Patient-Centered Approach
- Regular assessment using validated tools like the Pain Assessment in Advanced Dementia (PAINAD) scale helps monitor symptom burden, especially in non-verbal patients.
- Incorporate family members in symptom management, as they can assist in evaluating patients’ responses to procedures and report observations to the care team 1.
- Consider the patient's goals and intensity of care, and simplify regimens when possible, especially in palliative care settings 1.
Recent Guidelines
- The most recent guidelines from 2022 emphasize the importance of overall comfort, prevention of distressing symptoms, and preservation of quality of life and dignity in diabetes management at the end of life 1.
- These guidelines suggest that strict glucose and blood pressure control may not be necessary, and simplification of regimens can be considered.
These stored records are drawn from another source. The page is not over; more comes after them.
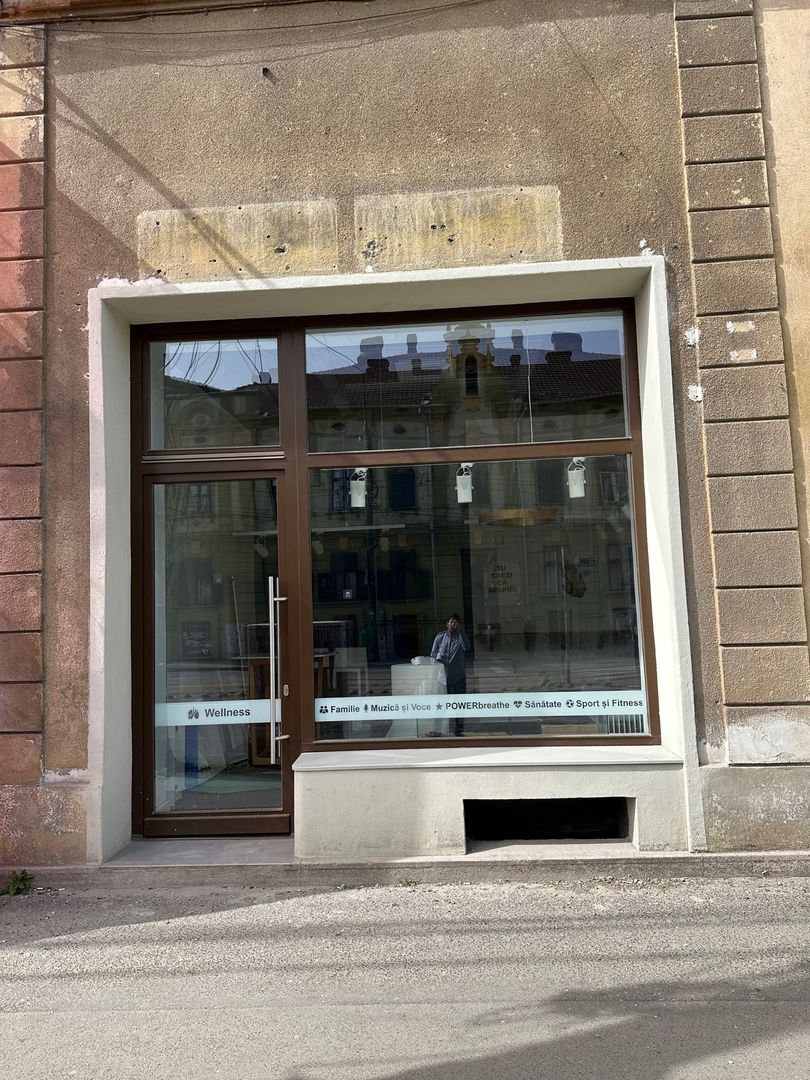 Spatiu comercial Zon Maria - Poză 11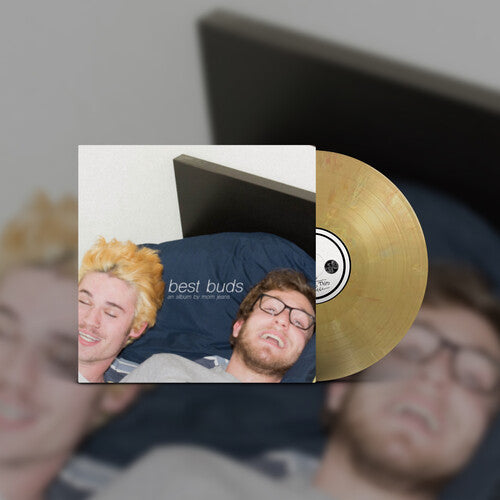 Mom Jeans - Mom Jeans - Best Buds [Gold]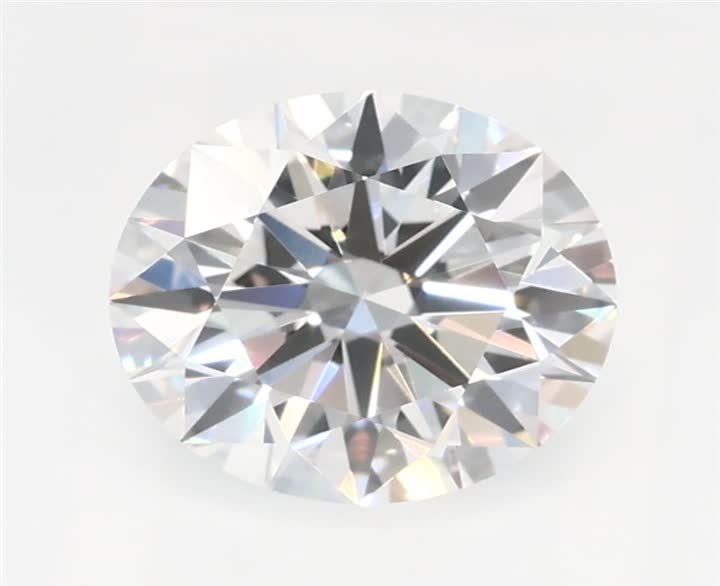 1.31 CT Round Lab-Grown Diamond Surrey Vancouver Canada Langley Burnaby Richmond
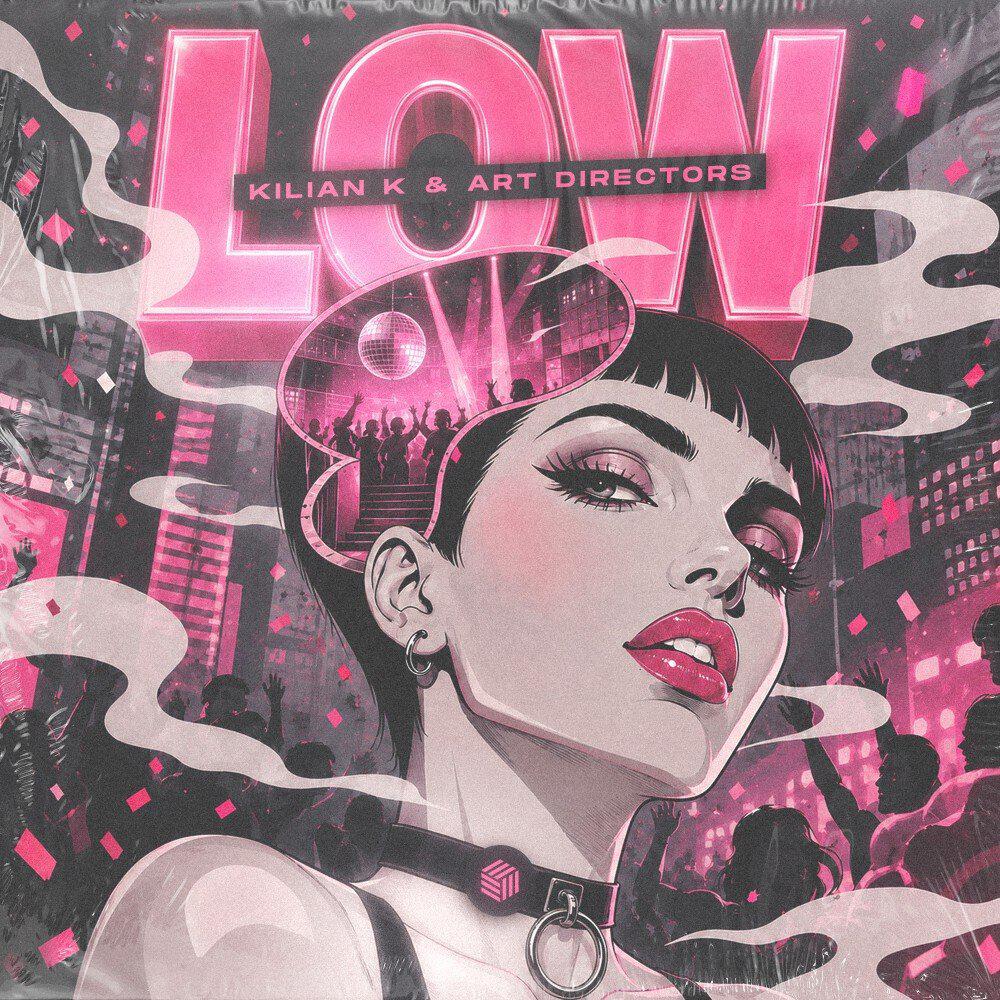 Релиз Low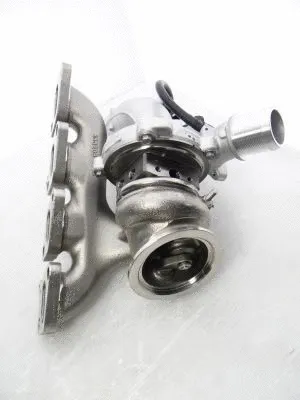 Turbocompresseur, suralimentation GARRETT 853215-5003S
- The decision process should involve the patient, family, and caregivers, leading to a care plan that is both convenient and effective for the goals of care.
From the Research
Alternative Symptom Management Strategies
For long-term care patients who refuse investigations, several alternative symptom management strategies can be employed to ensure comfort. These include:
- Non-pharmacological measures such as:
- Aromotherapy
- Distraction
- Guided Imagery
- Laughter
- Massage
- Music
- Reiki
- Heat or Cold
- Meditation
- Reflexology
- Reposition
- Transcutaneous Electrical Nerve Stimulation 2
- Utilizing a comfort measures only checklist to facilitate interdisciplinary conversations and improve structure and consistency in transitioning patients to comfort measures only 3
- Implementing a multidimensional intervention by primary care providers, consisting of cognitive-behavioral, pharmacological, and other treatment modalities 4
- Prescribing sustained-release opioid preparations, such as morphine, oxycodone, or transdermal fentanyl, to manage pain and constipation severity 5
Patient-Centered Approach
It is essential to adopt a patient-centered approach, taking into account the patient's goals, strategies, and evaluation criteria in managing chronic illness 6. This approach can help clinicians better understand the patient's perspective and develop effective symptom management strategies that cater to their individual needs.
Interdisciplinary Collaboration
Interdisciplinary collaboration and communication are crucial in ensuring that patients receive comprehensive care. By working together, healthcare providers can develop a personalized care plan that addresses the patient's physical, emotional, and social needs, ultimately improving their overall comfort and quality of life 3.